In the 4 years I didn’t go there my mind slowly recalled, reconstructed and analyzed every single memory: being afraid of going in the lower courtyard as a child because I was convinced a lion would eat me were I to disturb his kingdom unaccompanied by an adult, watching ships and lights with elbows resting on windowsills at night, narrow, steep stairs you could never get the hang of, the smell of lavender after having watered the garden, mysterious paintings in the living room, shortcut leading to the bakery past a brood of hens, stories bordering on occult everyone enjoyed elaborating on whenever they got the chance, the saddest dog in the world, listening to gentle morning rain between crisp white sheets … All pure magic realism the source of which was, I was sure, the house itself.

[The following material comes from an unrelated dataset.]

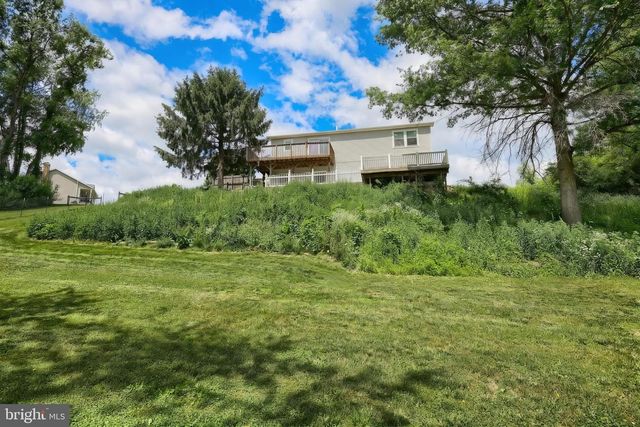 6124 GARDNER RD, Spring Grove, PA 17362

I returned to the house last summer with my brother. Happy that I finally had the opportunity to do it, I took a camera with me to capture everything I had been constantly thinking about all these years. However, when we unlocked the doors for the first time, let the light in and took a walk around the place, there was suddenly nothing to photograph, as if everything I held so dear never existed at all. It was then that I finally realized what I missed wasn’t the house but the time when we inhabited it. It was us, the people, who made it alive, and that feeling can never be recreated because my childhood at n° 87 is long gone, no matter how nostalgic I feel about it.

In a way, I’m content I let it go as – like so many times before – what I yearned for was unattainable. A part of me will probably always wish it weren’t, but our new place a couple of minutes down the hill has many qualities to it as well. If nothing else, I still have the memories – I’ve learned it doesn’t pay off to live off them, but in smaller doses I’m sure they can be nothing but benign.